Bisphosphonates (alendronate, zoledronic acid)
- Erosive oesophagitis / ulcer (oral formulations)
- Atypical femoral fractures & osteonecrosis of jaw (long-term)
- May precipitate hypocalcaemia in severe vitamin-D deficiency / hypoparathyroidism
Chemotherapy / Biologic Agents (selected examples)
Agent | Condition precipitated | Comment |
---|---|---|
Anthracyclines (doxorubicin) | Dose-dependent cardiomyopathy | Baseline & serial echo |
Cisplatin | Irreversible ototoxicity nephrotoxicity hypomagnesaemia | Aggressive hydration |
Immune-checkpoint inhibitors (nivolumab, pembrolizumab) | Autoimmune colitis thyroiditis, pneumonitis hypophysitis | Treat with high-dose steroids |
Others of Practical Importance in General Practice
Drug / Class | Condition precipitated | Clinical reminder |
---|---|---|
Allopurinol (first weeks) | Acute gout flare | Use prophylactic colchicine/NSAID |
Clopidogrel / ticagrelor | Severe epistaxis / bruising | Check dental/OT bleeding plan |
Digoxin | Toxic arrhythmias in hypokalaemia / renal failure | Monitor K+, dig level |
PDE-5 inhibitors (sildenafil) | Severe hypotension with nitrates | 24–48 h wash-out |
Lithium | Nephrogenic DI, hypothyroidism, chronic kidney disease | Regular TFTs, U&Es |
Thyroxine excess | Atrial fibrillation, osteoporosis | TSH monitoring |
Cholinesterase inhibitors (donepezil) | Bradycardia, syncope | ECG if baseline conduction disease |
Using this list in practice
- Review comorbidities before prescribing new drugs; cross-check here or in ETG/AMH.

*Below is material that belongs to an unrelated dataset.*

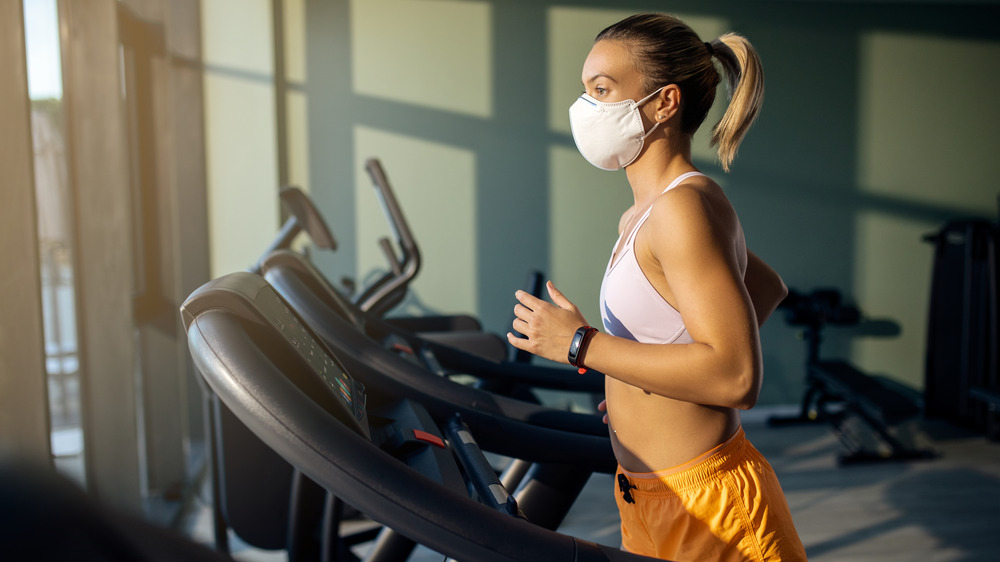 Woman wearing a mask at the gym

- Monitor relevant labs (e.g., Na⁺ with SSRIs, K⁺ with ACEI + spironolactone).
- Educate patients on symptom red-flags (e.g., melena on NSAIDs, myalgia on statins).
- Apply “sick-day” rules for
- metformin
- SGLT2 inhibitors
- ACEI/ARB
- NSAIDs to reduce AKI / DKA risk.
- Document and communicate any drug-disease cautions in the shared health summary.